In every life there comes a point when things stop working. Maybe it’s the way you live or how you’ve always supported yourself. Maybe it’s more fundamental, and your body or mind start to give in. In the case of Craig (James Cromwell) and Irene Morrison (Genevieve Bujold), everything begins failing at once, leaving them to face the cold, hard reality of old age and changing times. Based on a true story, Still Mine is a touching account of the perils of aging and the beauty of love and perseverance.
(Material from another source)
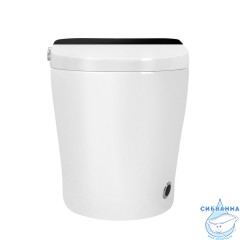 Унитаз приставной Abber Bequem AC1116S с сиденьем Soft Close (микролифт) (белый)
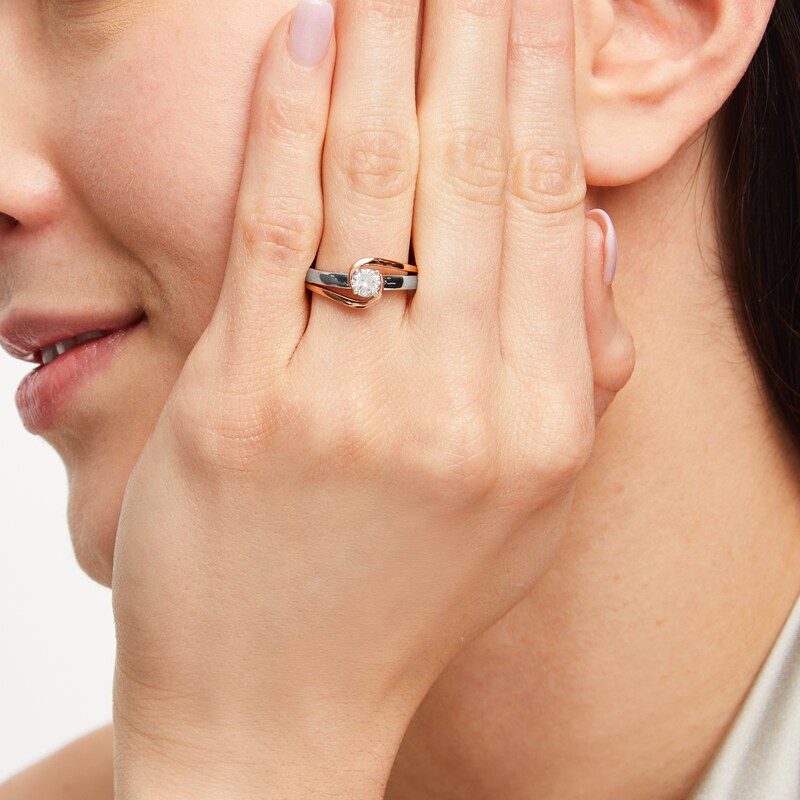 Main Image 3 of Now + Forever Diamond Engagement Ring 1/3 ct tw Round-cut 10K Two-Tone (I/I2)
For Craig and Irene Morrison, life on their rural Canadian farm has gone on in the same manner for decades. They grow strawberries to sell at the market in town, own a small herd of cattle, and keep to themselves in the two-story home they built when they were first married. They do things for themselves and they do them in their own way, so it comes as a shock when their pattern is disrupted. New store policy forbids the sale of produce not transported in a refrigerated truck, leaving the Morrisons with a field full of berries on their hands. The cows push through their fence, proving to be more trouble than they’re worth. And as a backdrop to the workaday problems around the farm, Irene is beginning to lose her memory. There is a kitchen fire after she forgets a potholder on the stove, and a frightening tumble down the stairs. Nothing is going right.
Seeing that their home will not serve them well for much longer, Craig reasons that he can use his new found free time and empty land to build a smaller one-story house. Without cows or strawberries to tend, he can focus his energy on the little house. He selects the spot with the best view, and starts building. When his neighbor warns that he’ll need a permit, Craig is dismissive. It’s his land, after all. But eventually he makes his way to the permit office, only to find that he’s in way over his head. They want blueprints, They want to inspect the materials. They want to know all about how, when, what, and why, and all Craig to do is wake up in the morning, walk across the field, and build.
You would think it would be easy enough to reach a compromise in this situation, or that the permit office might apply some common sense to a real life situation that doesn’t quite fit all of their policies and procedures. Craig is ordered to stop all work on the little house, and the city threatens to tear it down if he continues. He obtains a lawyer, submits himself to inspections, and still fails to meet their standards. Suddenly he finds himself locked in a battle with local government at a time when everything already seemed to be winding down and falling apart. As frustratingly stubborn as Craig can be, you can’t help feeling for his plight. He could be your father, your grandfather, your uncle, your neighbor, and indeed Craig Morrison is a real person. The fact that he triumphs over bureaucracy, the limitations of age, and time itself is a huge victory, and one we celebrate with him.